Despite these challenges – which auditors Crowe UK described as casting "significant doubt" on the chain's future – company directors said the accounts reflect "historic" performance, adding that they are “very confident” their “turnaround plan” will see the business return to profitability during the 2025-26 financial year.
The company’s latest financial statement, which was approved by its board on March 26 and published on the Companies House website over the weekend, reveals that it made a loss of £12,998,938 in 2023-24, 103.8 per cent higher than the £6.4m loss it made the year before.
Turnover fell by 3.9 per cent to £142.2m compared to £148.1m the year before, while the company’s gross profit percentage fell from 29.05 to 27.02 per cent. Meanwhile, the amount of cash at bank and in hand decreased by 44 per cent to £3.54m.
The community pharmacy chain, which sits within Paydens Group Holdings and operates throughout the South East region of England, is “reliant upon a group financing facility” with HSBC which has been “revised” since April 2024 and extended to January 31, 2026. This new agreement comprises a £6.5m term facility and a £15m revolving credit facility, reducing to £10m by June 30 this year.
The report states that despite Paydens having breached its banking covenants, HSBC has “remained supportive” and “reset the covenants” in its latest agreement.
‘Strategic disposals’ part of agreed bank plan
The company’s strategy for improving business performance includes “strategic disposals of certain pharmacy assets,” a move that was enacted after the 2023-24 accounting period and is described as being “in line with the agreed plan with the bank” for reducing the group’s debt.
While the report does not reveal how many stores have been sold, there are 99 branches currently listed on the company’s website – 29 fewer than the 128 stores referenced in a press released issued in February concerning its alcohol awareness campaign.
The directors said that since April 2024 “the company has disposed of a number of pharmacies for combined net proceeds of £11,077,425… the disposals generated a combined net profit on disposal of £5,326,169”.
These sales have “contributed to debt reduction and improved our overall financial flexibility,” they added.

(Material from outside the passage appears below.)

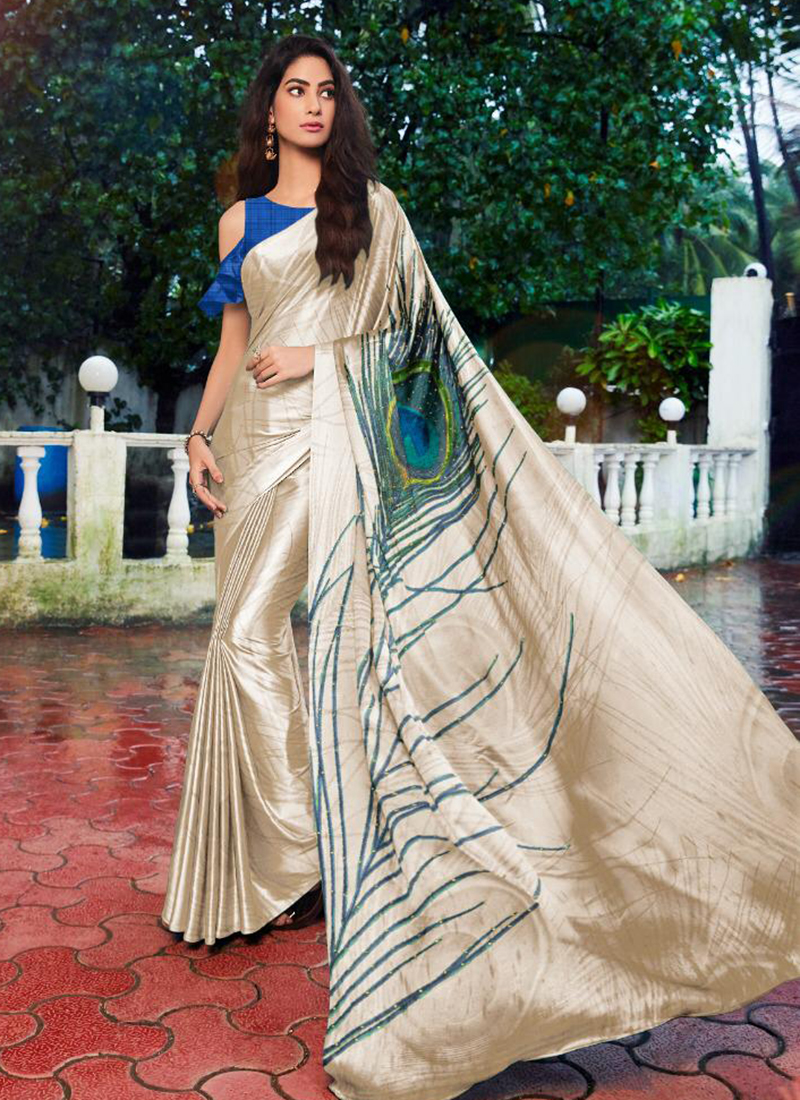 fancy saree printed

'We are positioned for growth'
Speaking to P3pharmacy, Paydens managing director Alexander Pay said the 2023-24 accounts reflect the "severe and unsustainable pressures" placed on the sector by a decade of funding cuts.
He added: "However, it is crucial to understand that these figures are historic, representing a period ending over a year ago, and do not accurately depict Paydens' current financial strength and prospects."
He said that a "significant portion" of the losses relate to a "strategic corporate restructuring" that saw all branches consolidated into Paydens Ltd.
Mr Pay said that since 2023-24 the company has "taken decisive and highly effective action to transform our financial standing," including slashing debt and recapitalising the business through pharmacy sales, "enabling us to focus on a leaner, more agile and geogrpahically concentrated portfolio".
Mr Pay said the company is "now in a strong position" and that "our accounts for the year ending March 2025 will show improvements across all areas of our profit and loss account".
The company's turnaround strategy has focused on reducing operational and financial costs as well as boosting revenue from pharmacy services and developing "new opportunities in our wholesale business," he commented.